• [Instructions to follow] From the line that contains "25-26 Tottenham Away Socks" down to the final line of the listing below, set down every line exactly, both ends included, and drop the pictures.

————————

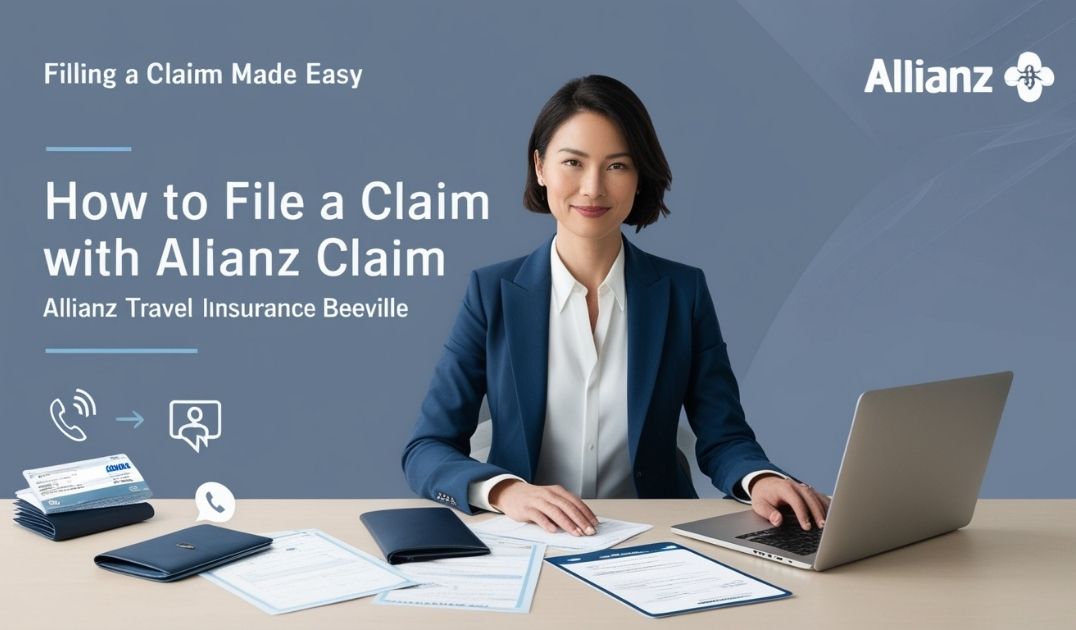 Allianz Travel Insurance Beeville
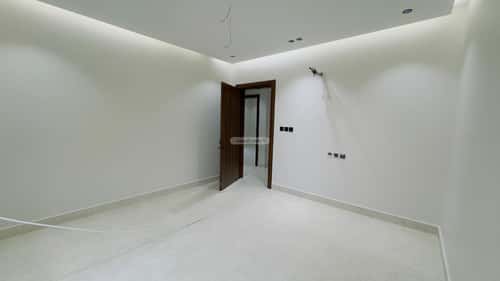 Apartment 107 SQM with 3 Bedrooms Al Salamah, North Jeddah, Jeddah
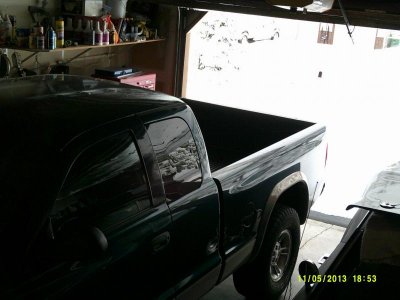 Sonora 2013 Dec. 7th #6.jpg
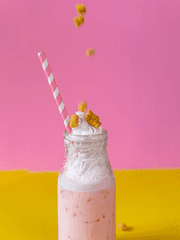 아무거나 쓰는 곳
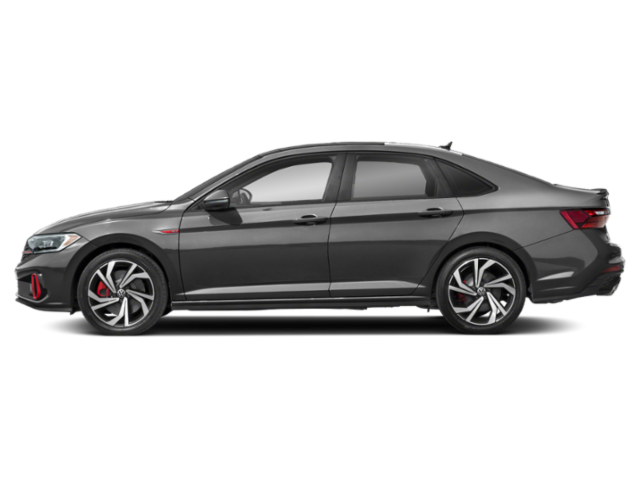 Used 2022  Volkswagen 2.0T Autobahn image 4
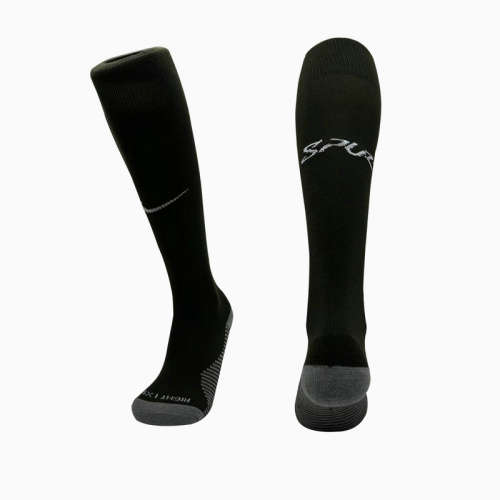 25-26 Tottenham Away Socks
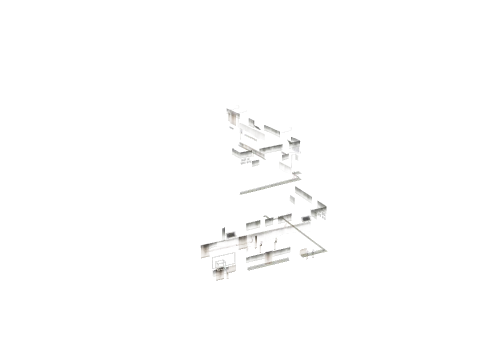 sc1_33_aptdet06, a GTA V map model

————————

• [Task solution]
 25-26 Tottenham Away Socks
 sc1_33_aptdet06, a GTA V map model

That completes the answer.